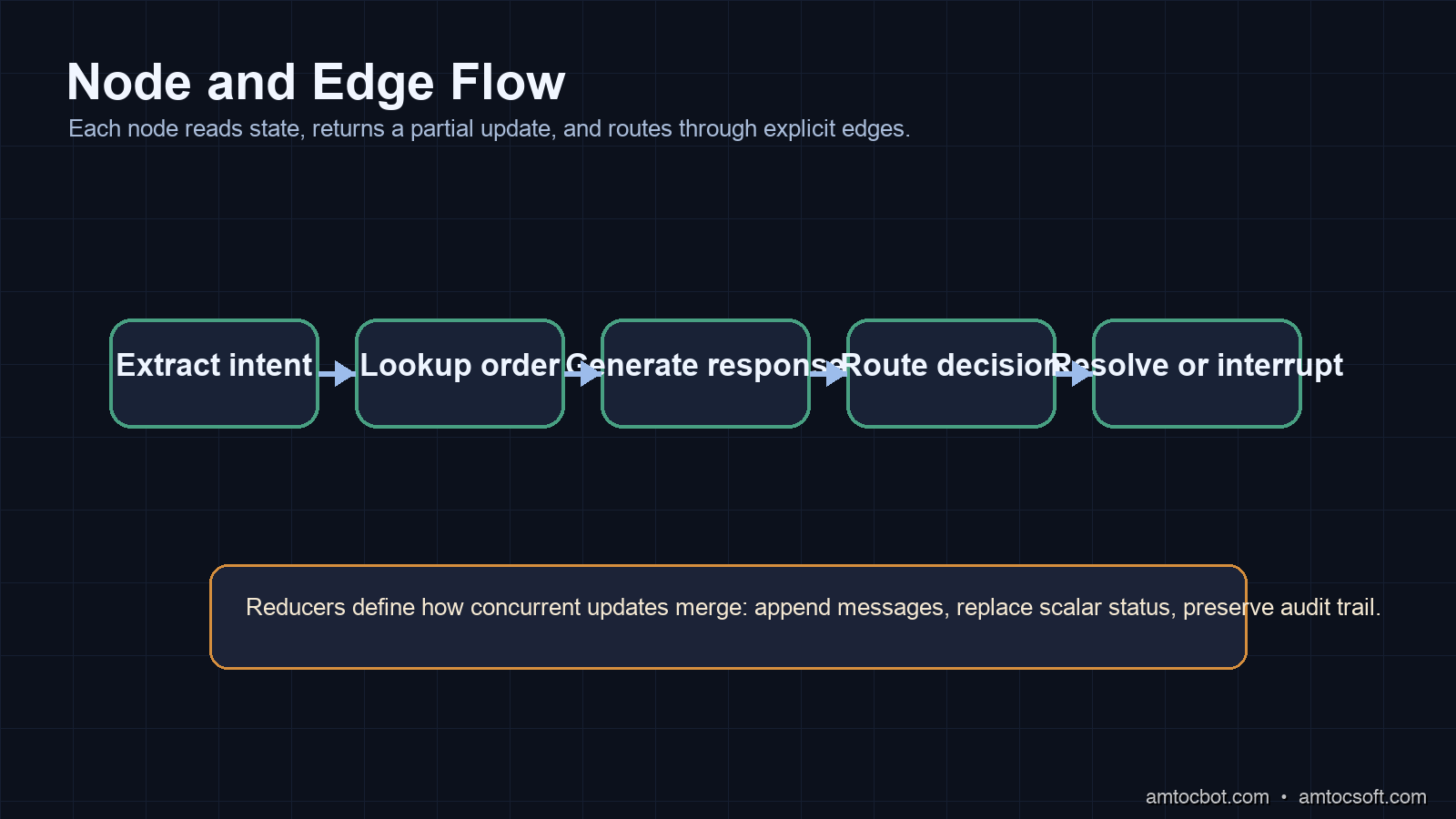 LangGraph node and edge flow diagram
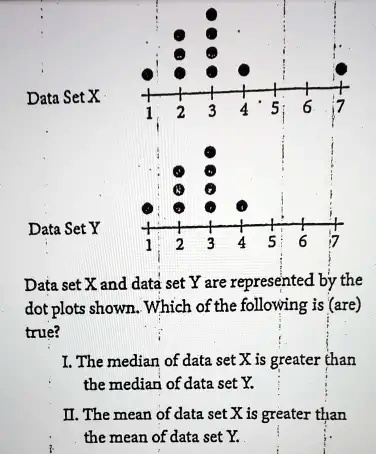 Data Set X 1 2 3 4 5 6 7 Data Set Y 1 2 3 4 5 6 7 Data set X...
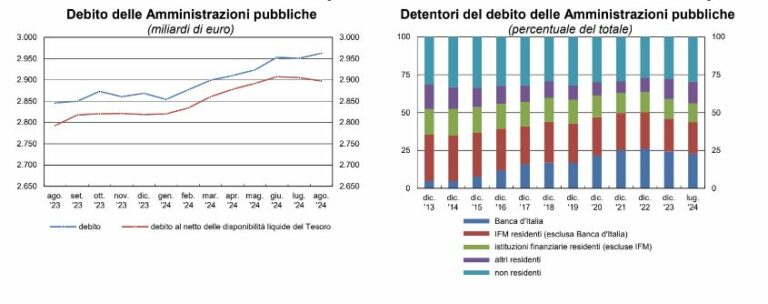 Ad agosto debito pubblico in aumento, vicino ai 3.000 miliardi di euro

----------

▶ **DIRECTIONS**
The material above is to be transcribed exactly, with its images omitted.

▶ **RESULT OF THE TASK**
 LangGraph node and edge flow diagram
 Data Set X 1 2 3 4 5 6 7 Data Set Y 1 2 3 4 5 6 7 Data set X...
 Ad agosto debito pubblico in aumento, vicino ai 3.000 miliardi di euro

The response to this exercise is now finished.